Возникает впечатление, что мир концентрированной речи (одним из примеров которого, хотя далеко не единственным, является поэтика Драгомощенко) показался Кручковскому слишком напряженным, трудно выносимым и он попытался уменьшить эту напряженность за счет увеличения в текстах доли нарративности, отдыхая на рисовании пейзажей («Накопления грязи липкие, они привлекают пыль, окрасив ее // в цвет пятна, как правило, хлебный. Ржаные крыши напротив, // кирпичного цвета стен. Некоторые места зеленые, как // бронзовые. Все прочерчено проводами» — с. 43) или в относительно очевидных высказываниях («нанести // на колебания зрачка // памяти разрез // и памяти пустоту» — с. 10). Видимо, Кручковский не одинок в компромиссе (насколько осознанном?) между стремлением к интенсивности высказывания и неспособностью ее долго выдерживать. Например, у Владимира Лукичёва почти физическое ощущение открытия «спотыкаясь о взведённое отсутствие координат» растворяется далее в «это округлость видимого — // напряженное дуло вечно встречающее мой взгляд» и «все что может быть сказано // месть вещей // и безвыходность имени»[8]. Компромисс есть компромисс. Не отсюда ли меланхолическая монотонность книги Кручковского? Не радикальный холод Никиты Сафонова, не горячая телесность Евгении Сусловой, не бесконечно утончающееся переплетение смыслов Станислава Снытко.
Может быть, слабость культуры не в ощущении, что все сказано (посещающем еще со времен птолемеевской Александрии), и не в ощущении бессилия слова перед реальностью, а в том, что слишком мало кто решается на поиск взгляда, действительно меняющего, расширяющего восприятие и тем самым становящегося реальной силой?
Вышедшая недавно книга Драгомощенко «Тень черепахи»[9] показывает, насколько большой путь потребовался от этого текста, написанного приблизительно в том же возрасте, в каком сейчас находится Кручковский, до открытий, которые связаны с именем Драгомощенко. Возможно, Кручковский — в начале сходного пути. Остается пожелать ему движения к дальнейшей концентрации смыслов, к построению индивидуального языка. К отказу от компромиссов — что поведет к напряжению во взаимоотношениях с «читающей публикой» (которая так и не привыкла к «сложным» текстам), с кураторами (которые, в большинстве своем, плоть от плоти этой публики), но, видимо, необходимо при этом движении. Драгомощенко, при внешней мягкости, этой бескомпромиссностью обладал в полной мере. «Полночь отличий видна // простой алхимией лезвий» (с. 27).
Александр Уланов
[1] Костылева Е. Выступление на презентации книги А. Кручковского // http://www.atd-premia.org/#!Лонглист-2014/cqns/CFB594A2-D954-41C1-BFF5-09B4E0F5704A.

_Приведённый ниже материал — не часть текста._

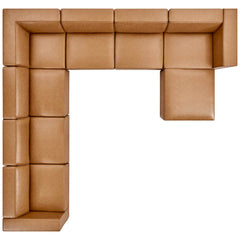 Mingle Tan 8-Piece Vegan Leather Sectional Sofa Set - Ornate Home
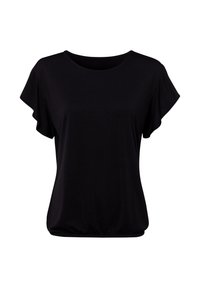 Blusa negra de manga corta con escote redondo y dobladillo ligeramente fruncido, mostrada sobre un fondo blanco liso.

[2] Скидан А. Выступление на презентации книги А. Кручковского // https://www.youtube.com/watch?v=ZwoE2Rg-YRs&list=PLyL03a166cIe2ZoHqcwCGl….
[3] Приведено вместе с содержательным анализом вопроса о царапине М. Ямпольским в: НЛО. 2003. № 62. С. 87—98.
[4] Ермошина Г. И все то, что будет потом… // Знамя. 2015. № 2 (http://magazines.russ.ru/znamia/2015/2/23er.html).
[5] Кононов Н. Видимая речь перед паводком // Кручковский А. Сумма несовпадений. СПб.: Порядок слов, 2015. С. 5.
[6] http://www.atd-premia.org/#!Лонглист-2014/cqns/CFB594A2-D954-41C1-BFF5-09B4E0F5704A.
[8] Лукичёв В. Последнее время. М.: Книжное обозрение; АРГО-РИСК, 2012. C. 10.
[9] Драгомощенко А. Тень черепахи. СПб.: Борей Арт, 2014.